Supprimer cet article
Cet article prévoit la dépénalisation des atteintes aux espèces et espaces naturels protégés en cas d’infraction commise de manière non intentionnelle. Il constitue une régression environnementale majeure, qui pénalise en premier lieu les agriculteurs et agricultrices dont la nature est l’outil de travail, et ne répond aucunement aux enjeux actuels du monde agricole : améliorer le revenu, accroître le nombre d’installations, faire face au défi climatique…
Tout d’abord, le périmètre de cette disposition est très large : la présomption d’intentionnalité prévue dans cet article ne concernera pas que les travaux agricoles et forestiers, mais toutes les actions humaines (projets industriels, projets d’énergie renouvelable, mais aussi l’action des particuliers...).
Par exemple, l'entretien des voies SNCF est une obligation réglementaire, donc avec cet amendement, la destruction d’espèces protégées dans ce contexte sera une infraction présumée non intentionnelle, même si les travaux sont lancés en pleine nidification.
En outre, cet article est contraire à la directive européenne sur le droit pénal de l'environnement récemment actualisée : elle exige que le délit d'atteinte aux espèces protégées puisse être constitué par négligence grave. Cet article qui supprime la négligence dans la caractérisation de l’infraction est donc inconventionnel. Cela va aboutir à la multiplication de contentieux, donc à de l’instabilité juridique qui ne bénéficiera à personne et est tout l’inverse d’une simplification.
Par ailleurs, cet article constitue une grave atteinte à la protection des espèces : actuellement, dans l'immense majorité des dossiers pénaux de destruction d'espèces ou habitats d'espèces protégées, l'élément moral est caractérisé par l'imprudence ou la négligence. Il est extrêmement difficile de démontrer que l'auteur savait que les espèces étaient là, et qu'il avait l'objectif de les détruire. La caractérisation du manque de prudence passe par des éléments tels que la période de réalisation des travaux (par exemple la forte sensibilité pendant la nidification), l’existence d’inventaires naturalistes à proximité, le respect ou non de l’obligation de déclaration d'une destruction de haie au titre des BCAE...
Donc dans les faits, cet article aboutirait à ne plus sanctionner pénalement la destruction d’espèces protégées. Dans le contexte actuel d’effondrement de la biodiversité, il s’agit d’un renoncement extrêmement grave, de nature à rendre impossible l’atteinte des objectifs que la France s’est engagée à atteindre lors des COP biodiversité. Cette invitation du gouvernement à détruire des espèces protégées en toute impunité est complètement incohérente avec la Stratégie Nationale pour la Biodiversité qu’il a présentée il y a peu.

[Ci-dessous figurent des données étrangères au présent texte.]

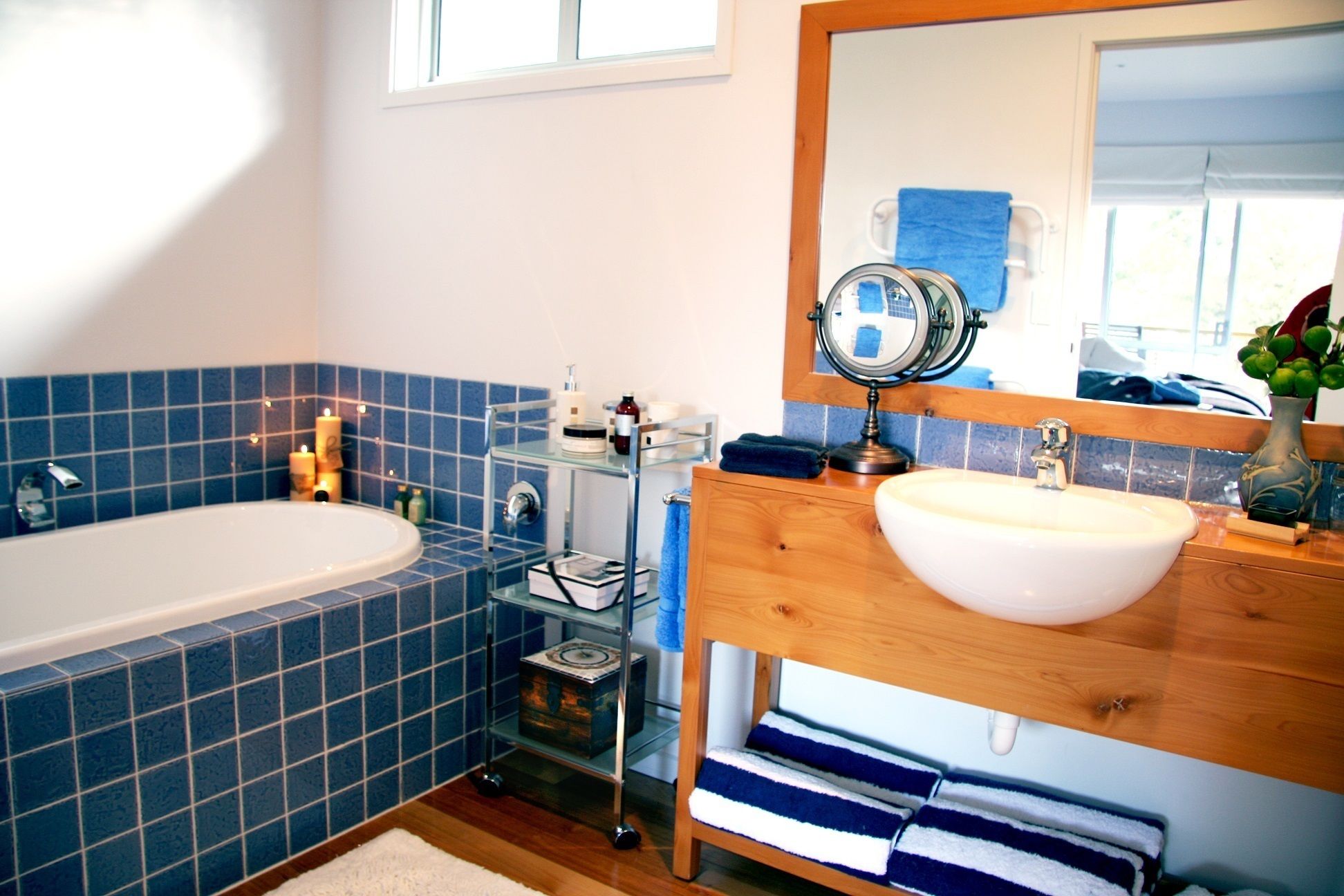 A bathroom with a bathtub, a wooden vanity with a sink, a mirror, and a blue-tiled wall.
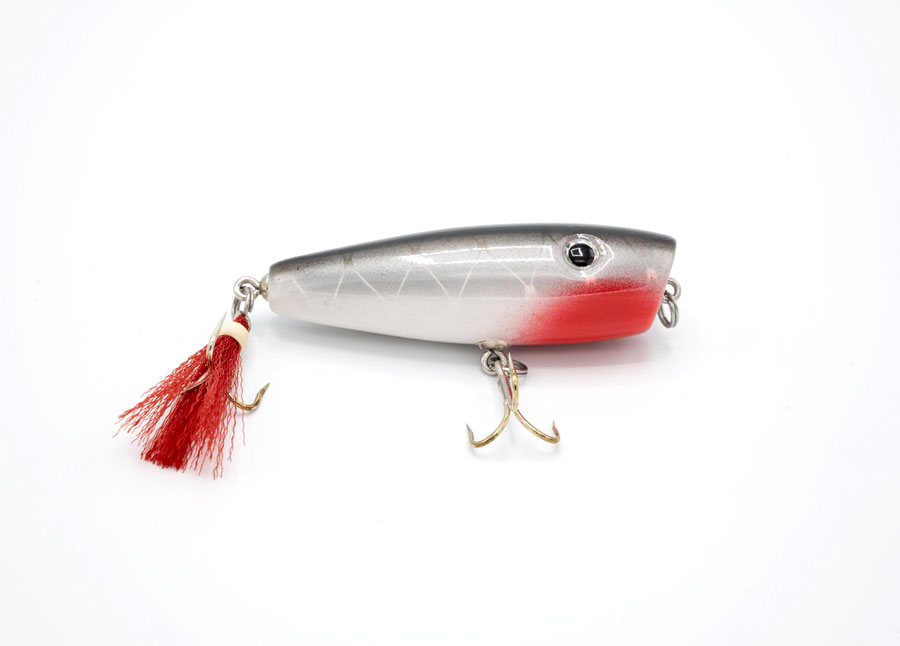 Side view of JL Lures silver & gray with red tassel pine wood fishing lure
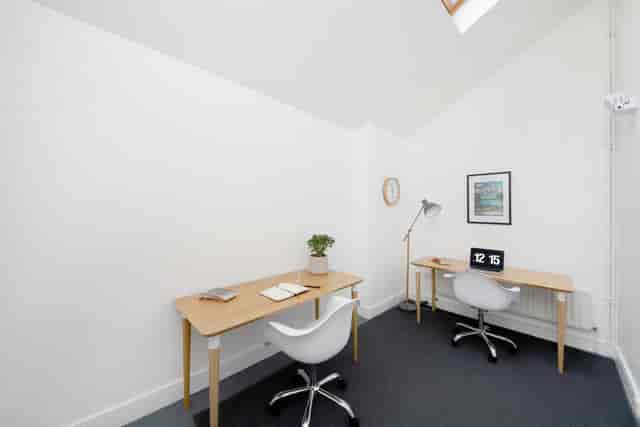 Minimalist meeting room with natural light, ideal for small brainstorming sessions.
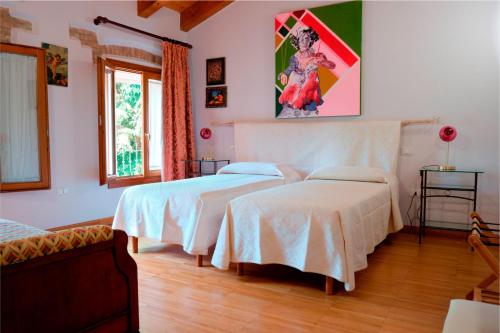 a bedroom with two beds and a painting on the wall at B&B in Valle in Lumignano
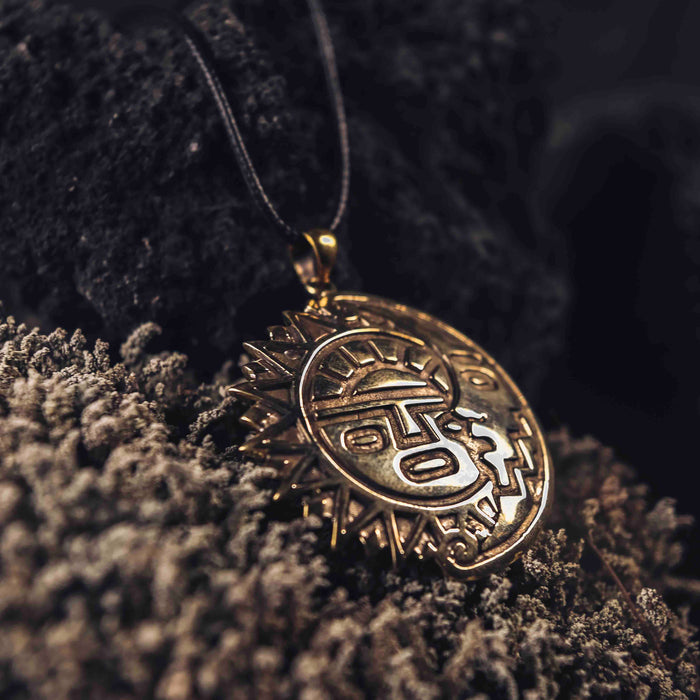 Antique bronze sun and moon amulet necklace, a mystical talisman symbolizing balance and offering protection, perfect as a magic item for anniversaries or as a spiritual safeguard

Cet article est également totalement contradictoire avec les initiatives du gouvernement en faveur des haies puisque ceux qui les arrachent savent rarement précisément quelles espèces sont dans leurs haies et si elles sont ou non protégées. Avec cet amendement, le message est envoyé qu'ils peuvent les détruire, sauf si un inventaire naturaliste a été mené sur place. En conséquence, les destructions vont se multiplier et accélérer la tendance catastrophique en la matière.
Cet article va également complètement à l’encontre du rapport du groupe de travail relatif au droit pénal de l’environnement présidé par M. François Molins, procureur général près la Cour de cassation, qui souligne au contraire le besoin de renforcer les sanctions pénales pour améliorer l’application de ce droit.
Enfin, concernant la présomption de non-intentionnalité pour toutes les actions exécutées dans la cadre d’un plan de gestion forestière mise en place par l'article : les documents de gestion en forêt n’ont aucun caractère informatif ou prescriptif concernant les espèces et habitats protégés. Ils se limitent à une description de ces enjeux en termes généraux (plan simple de gestion), peu prescriptifs et, pour certains (règlement type de gestion ou code des bonnes pratiques sylvicoles), à l’échelle de la région naturelle et non à l’échelle de la propriété. Ils ne renseignent donc en rien sur la présence potentielle d’espèces protégées ou d'habitats naturels sur une parcelle forestière, ni sur les mesures à adopter pour les protéger (période de nidification, préconisations techniques pour réduire l’impact et le dérangement, etc.).
Pour toutes ces raisons, le groupe Ecologiste, Solidarité & Territoires souhaite supprimer cet article.